_Problem:_ Below are some records. Write out the line that contains "Presidential Empowerment Fund" and all lines after it, exactly, but not the pictures.

_Given records:_
────────────────

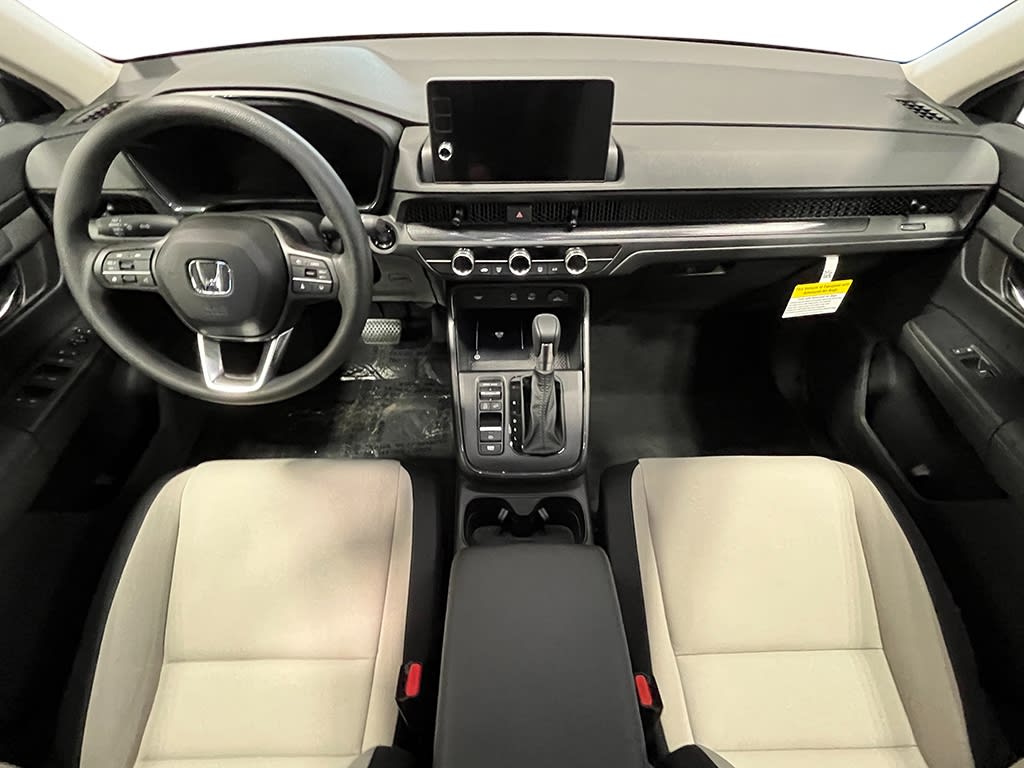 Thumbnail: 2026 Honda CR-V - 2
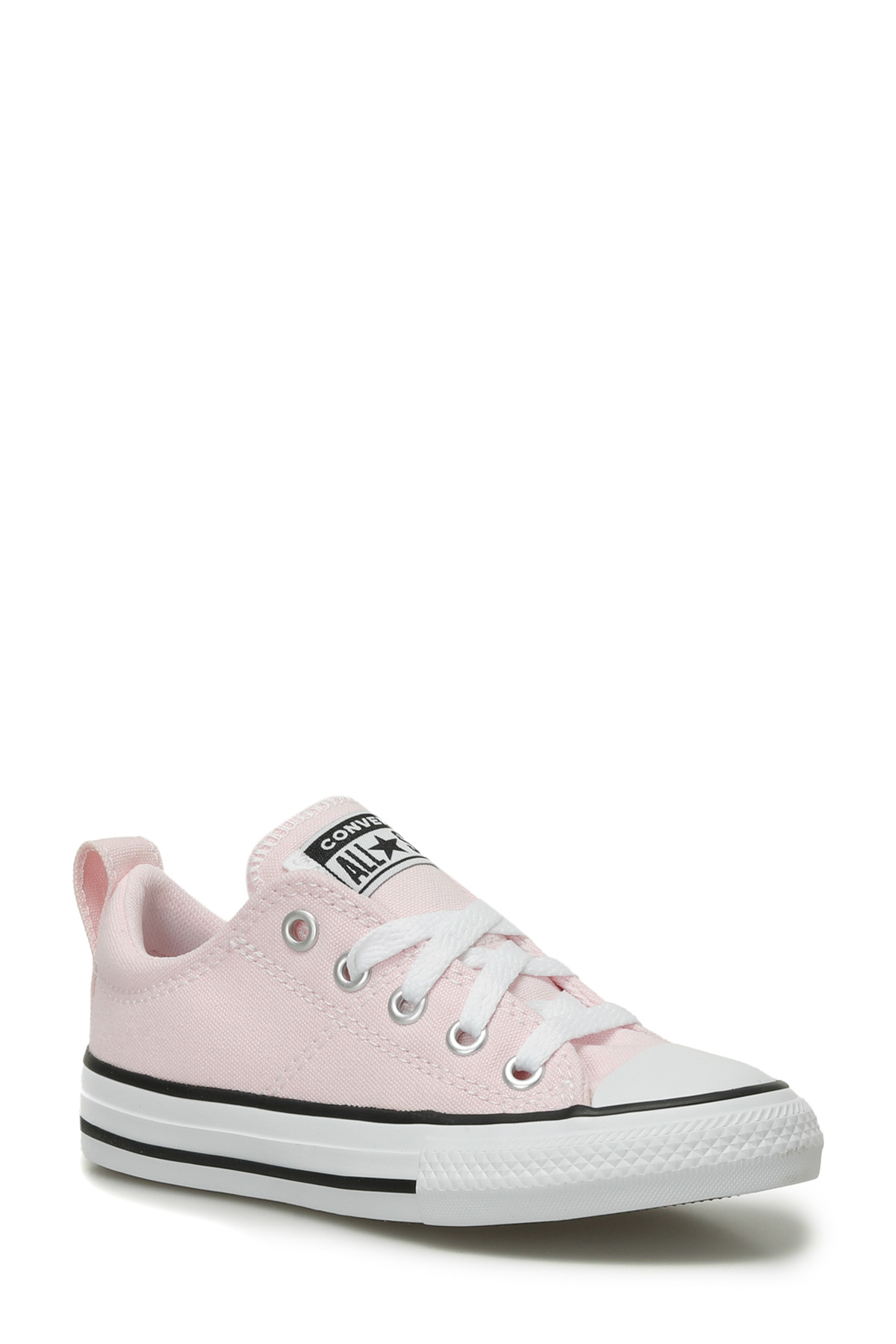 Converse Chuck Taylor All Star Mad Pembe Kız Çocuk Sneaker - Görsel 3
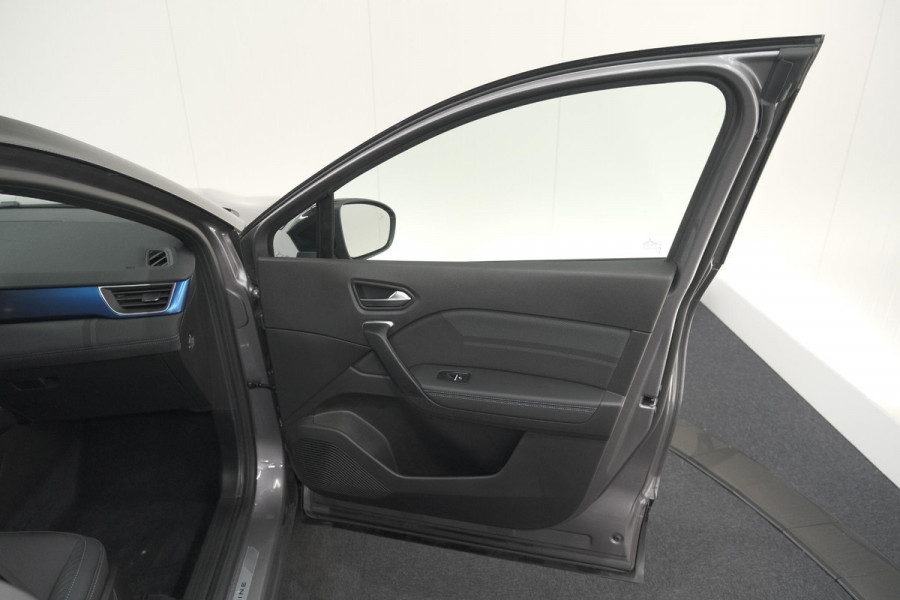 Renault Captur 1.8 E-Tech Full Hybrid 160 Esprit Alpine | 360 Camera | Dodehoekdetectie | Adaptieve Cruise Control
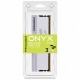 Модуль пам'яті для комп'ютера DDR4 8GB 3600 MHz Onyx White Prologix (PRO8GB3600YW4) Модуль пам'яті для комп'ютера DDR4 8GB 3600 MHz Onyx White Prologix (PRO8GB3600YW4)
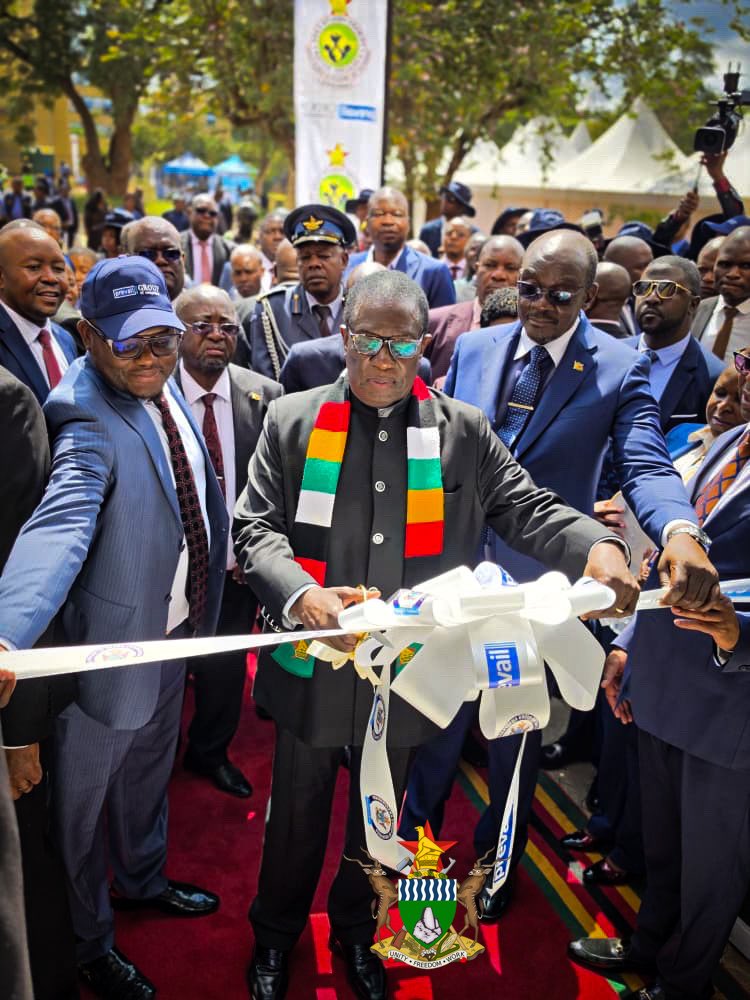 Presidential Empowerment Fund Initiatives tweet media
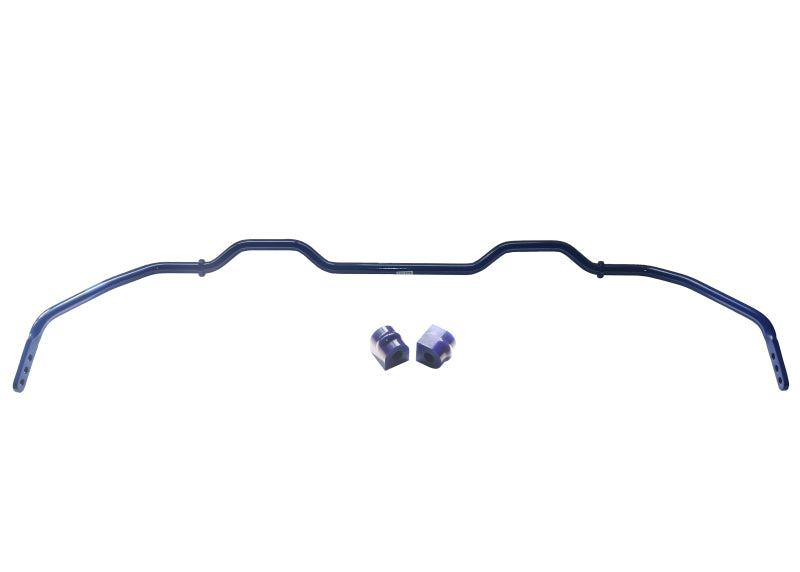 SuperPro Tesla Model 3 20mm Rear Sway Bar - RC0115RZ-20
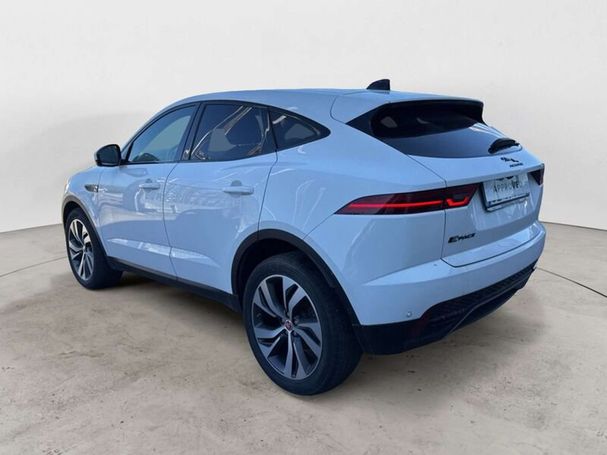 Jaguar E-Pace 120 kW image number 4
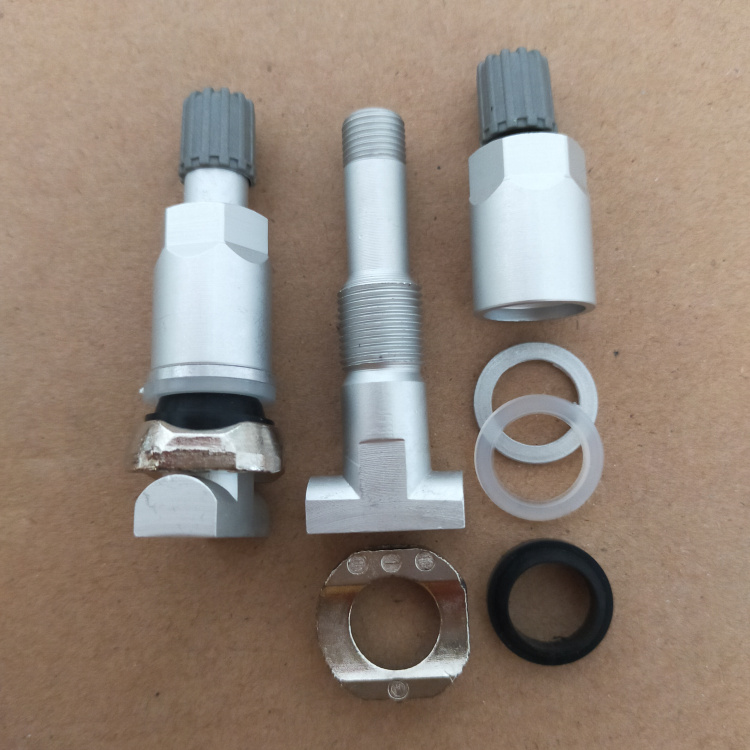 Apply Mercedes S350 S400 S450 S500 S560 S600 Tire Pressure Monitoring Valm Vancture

────────────────

_Written solution:_
 Presidential Empowerment Fund Initiatives tweet media
 SuperPro Tesla Model 3 20mm Rear Sway Bar - RC0115RZ-20
 Jaguar E-Pace 120 kW image number 4
 Apply Mercedes S350 S400 S450 S500 S560 S600 Tire Pressure Monitoring Valm Vancture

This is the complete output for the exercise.